La CSCCA dévoile un diagnostic sévère sur quinze années de gestion budgétaire en Haïti
La Cour Supérieure des Comptes et du Contentieux Administratif (CSCCA) a rendu public un rapport d’une ampleur exceptionnelle consacré à l’évolution des finances publiques haïtiennes de 2009 à 2024, document qui met en lumière des fragilités structurelles persistantes malgré plusieurs réformes adoptées au fil des années. Présenté devant les autorités gouvernementales, les institutions internationales et la société civile, ce travail marque un tournant pour l’organe supérieur de contrôle, qui s’éloigne de ses rapports techniques habituels pour proposer une lecture globale de l’état budgétaire du pays.
L’étude rappelle que des progrès normatifs avaient été enregistrés, notamment avec l’adoption de la Stratégie de Réforme des Finances Publiques en 2014 et la Loi du 4 mai 2016 modernisant le processus d’élaboration et d’exécution des lois de finances. Mais ces avancées, pour significatives qu’elles soient, n’ont pas suffi à transformer la gestion concrète des ressources publiques. Selon la Cour, la mise en œuvre des réformes a été trop lente pour produire des effets tangibles dans un environnement institutionnel marqué par l’instabilité, la contraction des recettes et la détérioration des capacités administratives.

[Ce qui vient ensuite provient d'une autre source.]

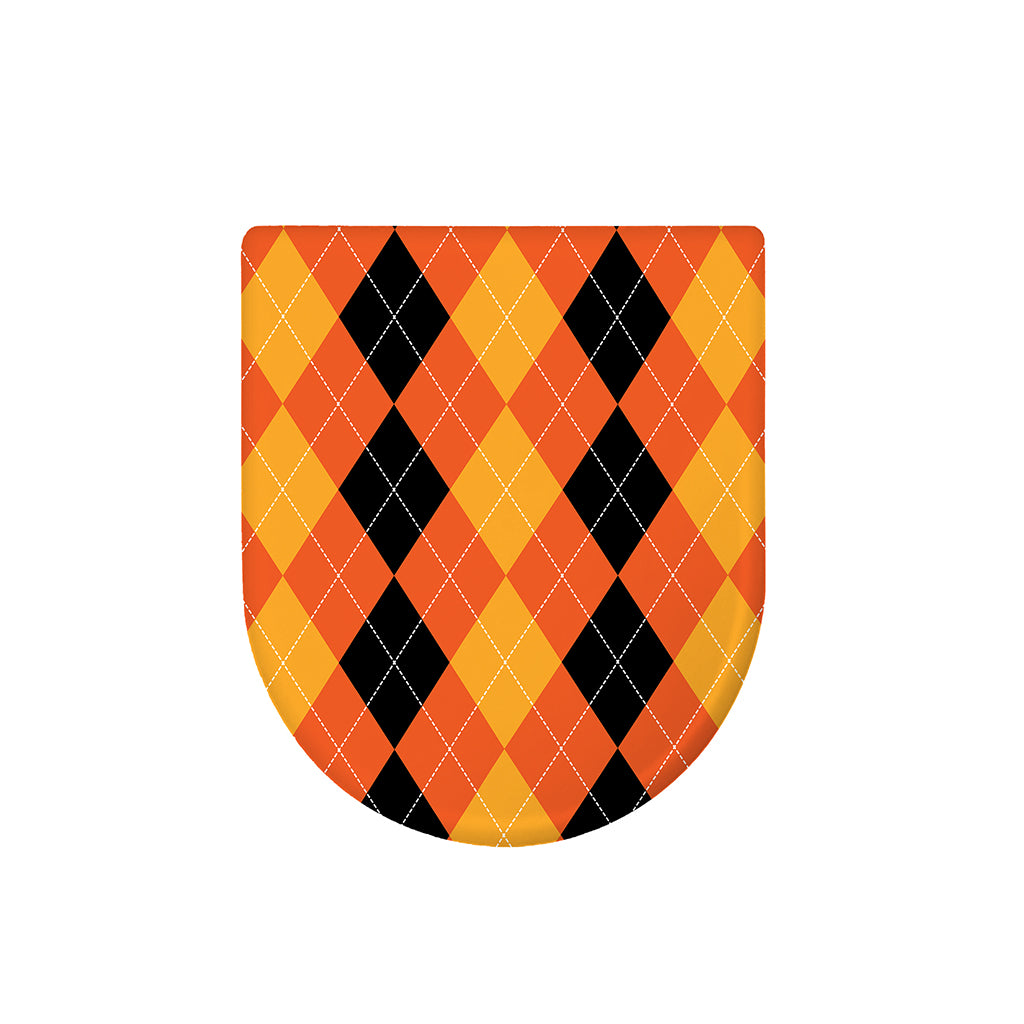 Orange And Black Argyle Pattern Print Toilet Lid Cover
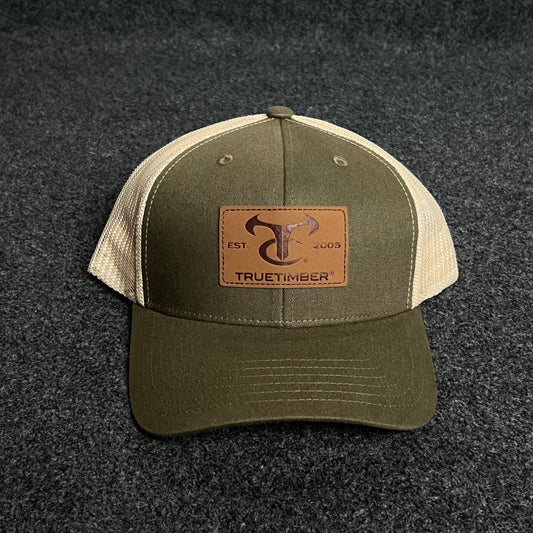 TC Ranch Trucker Cap – Olive, Tan & Leather Patch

Le rapport souligne que les déficits de mobilisation fiscale, l’absence d’arbitrage clair dans les dépenses, la fragilité de la soutenabilité budgétaire et les insuffisances en matière de transparence continuent d’entraver toute perspective de redressement. La CSCCA insiste notamment sur le fait que l’architecture juridique, bien qu’enrichie, n’a pas encore trouvé son expression opérationnelle dans les pratiques quotidiennes de l’État, laissant les finances publiques exposées à des risques récurrents.
Dix enseignements majeurs sont tirés de cette analyse, accompagnés de pistes d’action jugées prioritaires par la Cour pour rétablir la discipline budgétaire, renforcer la reddition de comptes et réorienter la dépense vers des investissements capables de soutenir la croissance. La CSCCA estime que ce corpus de recommandations peut constituer une base commune pour les pouvoirs publics et les partenaires internationaux, alors que la situation économique nationale appelle des décisions structurantes et une cohérence institutionnelle accrue.
En arrière-plan, la Cour rappelle que la gestion des finances publiques n’est pas uniquement une question de technique administrative, mais un élément déterminant de la stabilité nationale et de la confiance collective. L’institution affirme que seule une modernisation effective des pratiques budgétaires permettra de consolider l’État et d’offrir aux citoyens les garanties d’un usage responsable des ressources.
Cet appel, formulé dans un contexte économique et politique fragile, fait désormais figure de signal adressé à tous les décideurs. La CSCCA place chacun devant l’exigence d’une gouvernance rigoureuse, continuellement surveillée et clairement orientée vers l’intérêt général.